In this tutorial, we’re going to help you create a few simple arduino projects that are perfect for beginners. These basic projects will help you understand how to set up the Arduino software and then connect the components to perform a specific action.
If you’re completely brand new to Arduino, make sure you download our free ebook below. This guide was created for the absolute beginner and will help you to understand the Arduino board along with its parts and components.
Tools and Parts Needed
In order to complete the projects in this tutorial, you’ll need to make sure you have the following items.
- Arduino Uno Board
- Breadboard – half size
- Jumper Wires
- USB Cable
- LED (5mm)
- Push button switch
- 10k Ohm Resistor
- 220 Ohm Resistor
Download The Software
At this point, we’re ready to download the free software known as the IDE. The Arduino IDE is the interface where you will write the sketches that tell the board what to do.
You can find the latest version of this software on the Arduino IDE download page.
To install the software, you will need to click on the link that corresponds with your computer’s operating system.
Once the software has been installed on your computer, go ahead and open it up. This is the Arduino IDE and is the place where all the programming will happen.
Take some time to look around and get comfortable with it.
- Menu Bar: Gives you access to the tools needed for creating and saving Arduino sketches.
- Verify Button: Compiles your code and checks for errors in spelling or syntax.

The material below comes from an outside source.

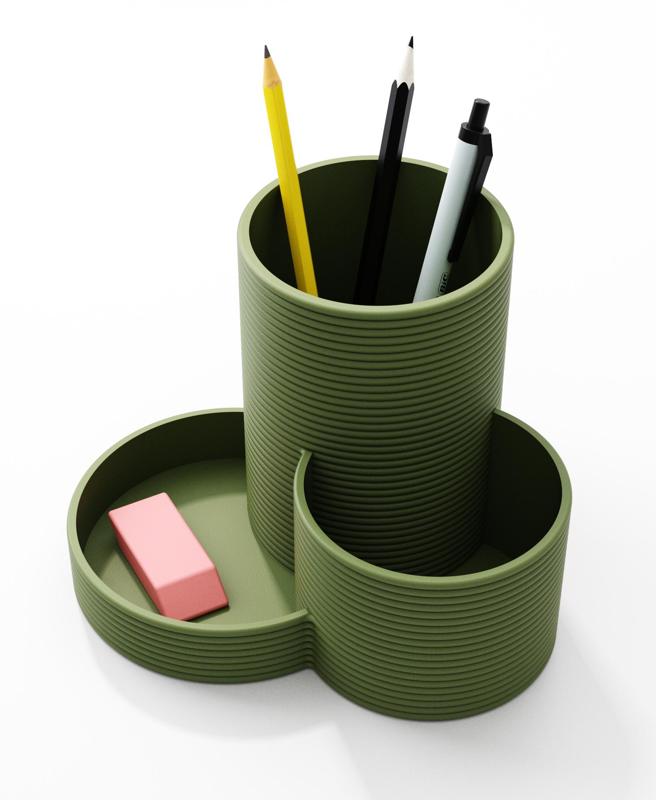 Tiered Desk Organiser Type 2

- Upload Button: Sends the code to the board that’s connected such as Arduino Uno in this case. Lights on the board will blink rapidly when uploading.

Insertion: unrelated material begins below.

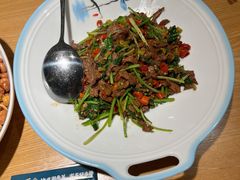 -呷湘厨·鱼汤捞饭·剁椒鱼头·辣椒炒肉(国家会展中心店)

- New Sketch: Opens up a new window containing a blank sketch.
- Sketch Name: When the sketch is saved, the name of the sketch is displayed here.
- Open Existing Sketch: Allows you to open a saved sketch or one from the stored examples.
- Save Sketch: This saves the sketch you currently have open.
- Serial Monitor: When the board is connected, this will display the serial information of your Arduino
- Code Area: This area is where you compose the code of the sketch that tells the board what to do.
- Message Area: This area tells you the status on saving, code compiling, errors and more.
- Text Console: Shows the details of an error messages, size of the program that was compiled and additional info.
- Board and Serial Port: Tells you what board is being used and what serial port it’s connected to.
Connect Your Arduino Uno
At this point you are ready to connect your Arduino to your computer. Plug one end of the USB cable to the Arduino Uno and then the other end of the USB to your computer’s USB port.
Once the board is connected, you will need to go to Tools then Board then finally select Arduino Uno.
Next, you have to tell the Arduino which port you are using on your computer.
To select the port, go to Tools then Port then select the port that says Arduino.
Arduino Project 1: Blink an LED
It’s finally time to do your first Arduino project. In this example, we are going to make your Arduino board blink an LED.
If you need a refresher on the parts of the Arduino or how a breadboard works.
Connect The Parts
You can build your Arduino circuit by looking at the breadboard image above or by using the written description below. In the written description, we will use a letter/number combo that refers to the location of the component. If we mention H19 for example, that refers to column H, row 19 on the breadboard.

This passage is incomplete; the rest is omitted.